The Board affirmed in part, vacated in part, and remanded the decision to the WCJ. It affirmed the finding of the WCJ that Claimant’s Claim Petition was timely filed. The Board based this decision upon the tolling provision of Section 315, 77 P.S. § 602, due to payment by the Employer of Claimant’s psychiatric expenses until mid-1998, relying on Levine v.
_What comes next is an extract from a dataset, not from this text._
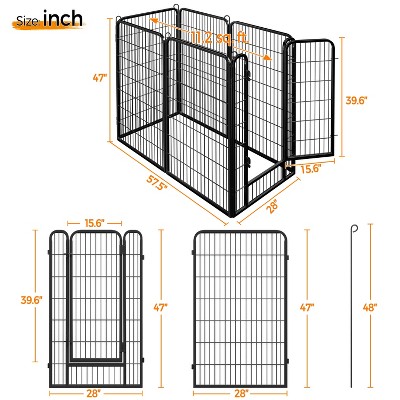 Yaheetech Black Metal 6-Panel Pet Playpen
Workers’ Compensation Appeal Bd. (Newell Corp.) 760 A.2d 1209 (Pa.Cmwlth.2000), petition for allowance of appeal granted and remanded, 568 Pa. 594, 798 A.2d 1273 (2002). However, it vacated the award of attorney’s fees and remanded the *418matter to the WCJ to render findings regarding the reasonableness of Employer’s contest.

On remand, the WCJ held one hearing at which time counsel for Claimant testified and offered a statement of counsel fees. The WCJ reviewed the charges individually and, by decision dated July 31, 2001, the WCJ again awarded attorney’s fees based upon an unreasonable contest. The WCJ noted that a report dated October 29,1990, from Anne S. Valko, M.D., who examined Claimant on his behalf, indicated that Claimant was receiving psychiatric care from Dr. Lisowitz, and that such treatment should be continued. This led the WCJ to conclude that Employer’s contest was unreasonable because Employer terminated payment of Claimant’s psychiatric treatment without receiving a medical opinion supporting denial of payment. Pursuant to the terms of the commutation, the parties stipulated that Employer would “remain responsible for payment of reasonable and necessary medical expenses related to Claimant’s work injuries.... ”
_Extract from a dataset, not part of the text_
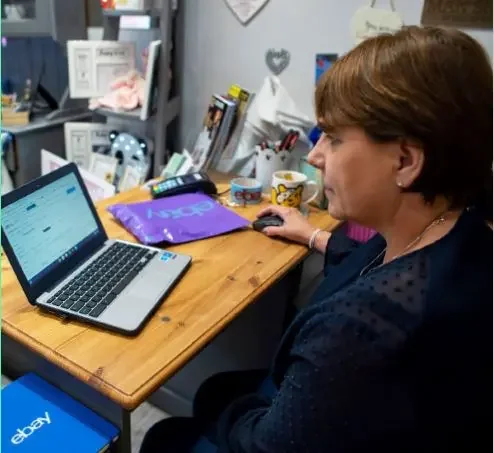 Woman working on laptop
The Board, in an Order dated August 15, 2002, affirmed that portion of the WCJ’s decision granting the Claim Petition, but reversed that portion of the decision awarding attorney’s fees. The Board agreed with Employer that its contest was reasonable as there was a definite statute of limitations issue raised in response to the filing of Claimant’s Claim Petition.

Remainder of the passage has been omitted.